If an external electric field is applied to a good conductor, as by connecting a battery, then the electrons acquire a net movement toward the regions of higher potential, that is from the (-) toward the (+) connection. This is commonly called "electron drift", since the net motion is very slow (on the order of one inch per second) by comparison with the thermal motion. The drift of electrons in conductors due to an applied electric field is called "current" by analogy with water flowing in a pipe, and the motion of electric charges is called electric current.
Benjamin Franklin, during his investigations of electrical phenomena proved, in his famous kite flying experiment, that current electricity and static electricity were aspects of one and the same phenomenon. He guessed that the current particles flowing in metals bore the (+) charge. We now know that he guessed wrongly.
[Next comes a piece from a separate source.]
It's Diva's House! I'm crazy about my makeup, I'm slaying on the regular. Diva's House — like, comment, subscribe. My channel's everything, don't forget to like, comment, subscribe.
This means that the direction of conventional current flow is opposite to that of the electrons which actually comprise the current in most conductors.
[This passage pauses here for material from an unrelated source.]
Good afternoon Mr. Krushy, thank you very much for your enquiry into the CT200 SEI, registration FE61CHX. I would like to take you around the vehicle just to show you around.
If we pass an electric current through a conductor, we find that it heats, the greater the current the greater the heat. If we heat a wire enough, eventually the electrons in it move fast enough that they escape from the attraction of the positive ions in the metal. This is the effect discovered by Frederick Guthrie, and rediscovered by Thomas Edison. It is much like heating water, and the electrons in effect "boil out" of the metal. At low temperatures, few if any electrons escape, but above a critical temperature which depends upon the metal, electrons are emitted into the surrounding space. This effect is used in electron tubes.
If a wire is heated in an evacuated tube, the electrons emitted into the surrounding space repel each other, and a sort of electron gas expands to fill all the space inside the tube. We call such a heated wire in an evacuated tube a cathode or filament. The source of electric current used to heat the filament we call the "A supply", and the circuit in which it flows the "A circuit".
The electrons leaving the filament build up into a charge inside the tube, called a space charge. The negative electric field of the space charge repels electrons emitted from the filament. The electrons leave the filament with a very low velocity, and as they enter the space charge they slow. Eventually, the combined negative charge of the electron gas is able to turn back the slower electrons from the cathode, and some re enter the cathode and flow out the filament terminal connected to the (+) side of the A supply. The space charge builds up until the rate at which electrons are forced back into the cathode is the same as the rate at which they are emitted, and each time an electron enters the gas, one already present re enters the cathode.
Suppose we add another electrode. What happens? As Thomas Edison found, electric current flows out of a plate of metal which is placed in the space charge, but only if it is connected to a source of positive potential. We call such a source of positive potential the "B supply", and the electrode to which it is connected the plate. The combination of a filament, plate, and possibly other electrodes in an evacuated chamber is called a vacuum tube. A vacuum tube with only a filament and a plate has two active elements and we call it a "diode", "di-" for two, and "-ode" for electrode.
If we vary the B supply potential applied to the plate in a vacuum tube, we find that as the potental is increased, the current flowing in the B circuit increases correspondingly. At first, the current flowing increases fairly rapidly as the repulsion of the space charge drops, but then it levels off at a value which depends upon filament temperature and composition. The initial current available is called "space charge limited", since its value is limited by the repulsion of the space charge in the tube. Eventually, the space charge becomes depleted, and the ultimate current is called "emission limited", because it depends upon the ability of the filament to emit electrons. One can graph a curve of plate voltage versus plate current with a different curve for each value of filament current. These curves are called the "plate characteristic curves" for the tube.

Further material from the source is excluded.